On Friday, Bankman-Fried’s lawyers filed a new letter with the judge that claims prosecutors have failed to provide the defendant with the computer resources necessary for him to parse millions of pages of material related to the stunning collapse of the crypto exchange last November.
The Department of Justice filed charges against Bankman-Fried in December, with the crypto founder agreeing to extradition from his residence in the Bahamas, where FTX had its headquarters. A judge granted bail to Bankman-Fried, agreeing to let him live with his parents in Palo Alto.
The conditions of the bail soon proved contentious, with Bankman-Fried reaching out to key FTX figures in an alleged attempt to tamper with witnesses, as well as using a VPN to watch football games.

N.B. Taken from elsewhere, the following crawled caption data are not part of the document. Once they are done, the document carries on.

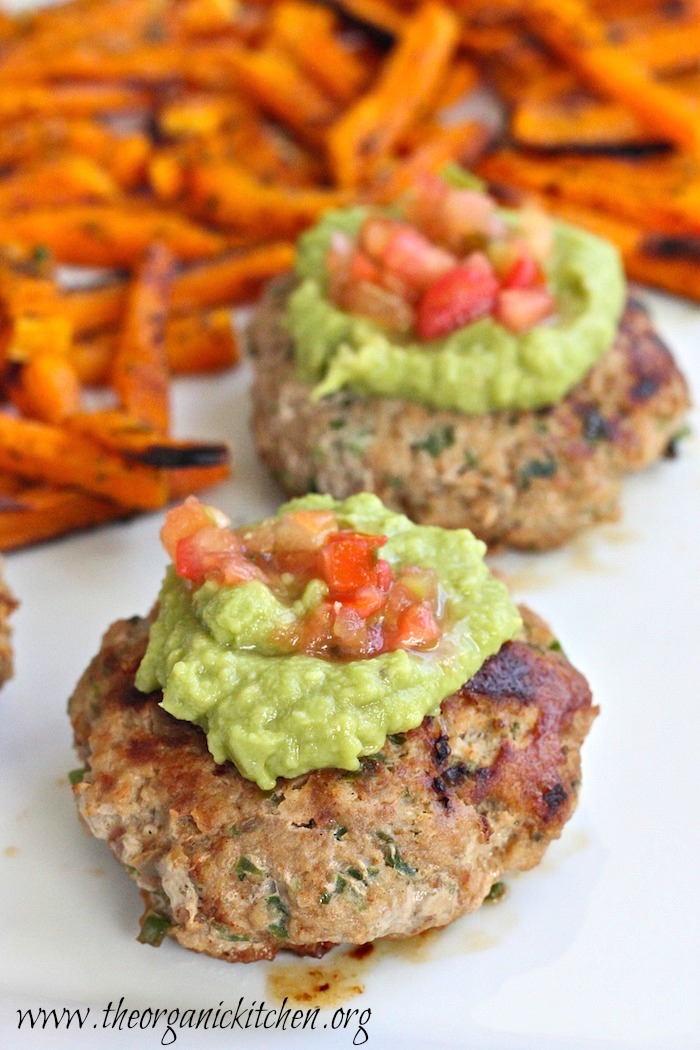  Tow Jalapeño Turkey Burgers topped with guacamole and diced tomatoes served with roasted butternut squash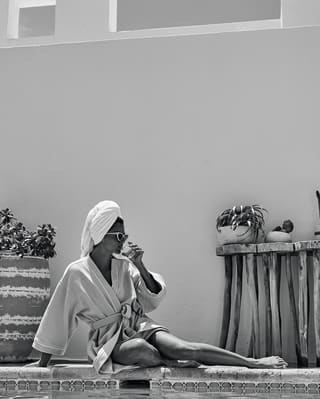 Black and white photo of a lady in a bathrobe posing on a poolside and sipping from a glass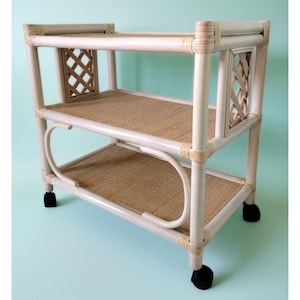 May include: A white and tan rattan serving cart with two shelves and a decorative lattice design on the sides. The cart has black wheels for easy mobility. The shelves are made of woven material.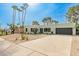 Modern home with desert landscaping, tall palm trees, and a sleek, minimalist design at 2517 E Sahuaro Dr, Phoenix, AZ 85028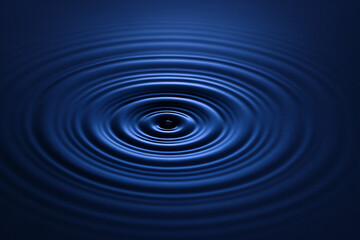 Concentric blue water ripples creating a circular pattern
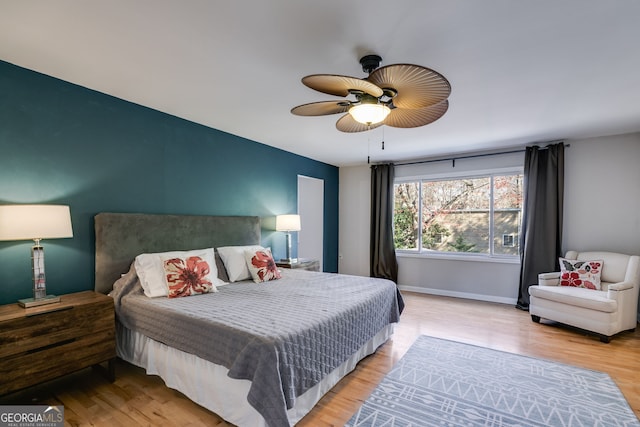 bedroom featuring ceiling fan, baseboards, and wood finished floors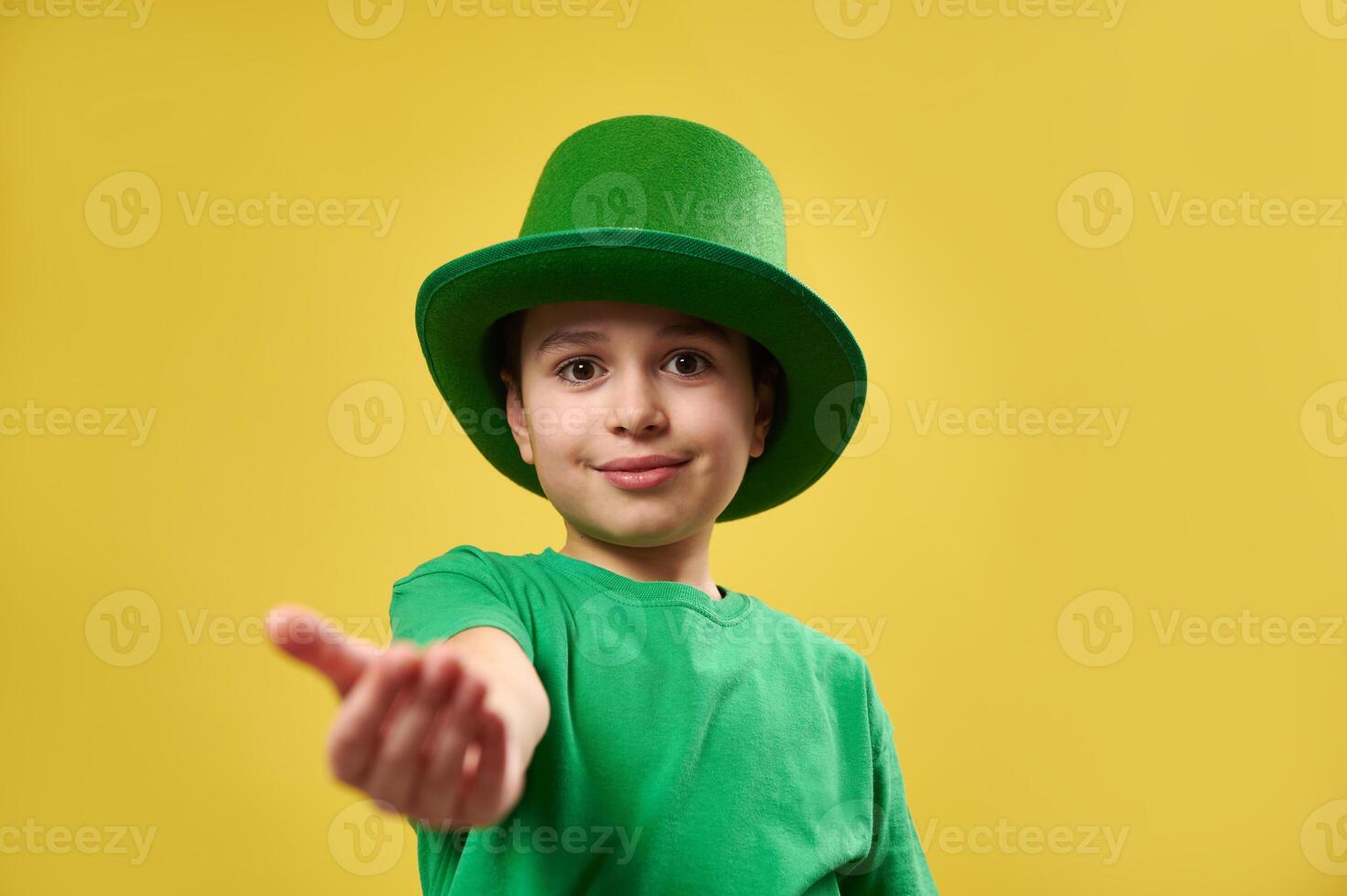 Little boy in leprechaun green Irish hat stretches his palm to the camera. Saint Patrick's Day concept. Copy space and yellow background photo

After he leaked the private diary of FTX executive—and his one-time girlfriend—Caroline Ellison to a New York Times reporter in July, the judge revoked Bankman-Fried’s bail and sent him to the detention center in Brooklyn.
Because of the complex nature of the case, which ranges from alleged wire fraud to campaign finance violations to money laundering, Bankman-Fried’s trial will include millions of pages of evidence, which prosecutors have spent the past months collecting and sharing with his attorneys. Bankman-Fried’s team has argued that he has not had adequate internet access to the discovery to be able to prepare his defense, which is a constitutional right.
The two sides have haggled over Bankman-Fried’s access to computers. This has included disputes over battery life, and terms for transporting him to the courthouse two days a week to access an internet-enabled laptop. Judge Lewis Kaplan, who is overseeing the case, ordered the two sides to come to an arrangement at a hearing in late August.
According to the filing on Friday, the measures have fallen short. Bankman-Fried’s lawyers wrote that he has not been able to arrive at the courthouse with enough time because of delays related to other inmates, eliminating hours of review time. In one instance, he was placed in a holding cell without an internet-enabled laptop. In another, the internet connection was so slow on the provided laptop that he was only able to load one document during an hour-and-a-half period.
“The defendant cannot prepare for trial with these kinds of limitations,” his lawyers state in the letter, which also complains he cannot bring food and water to the visitor access room.
While Kaplan said that Bankman-Fried’s team could request a trial postponement at the last hearing, they declined to do so by the recommended deadline. Instead, they are asking the judge for Bankman-Fried’s temporary release. The trial is set to begin on Oct. 3.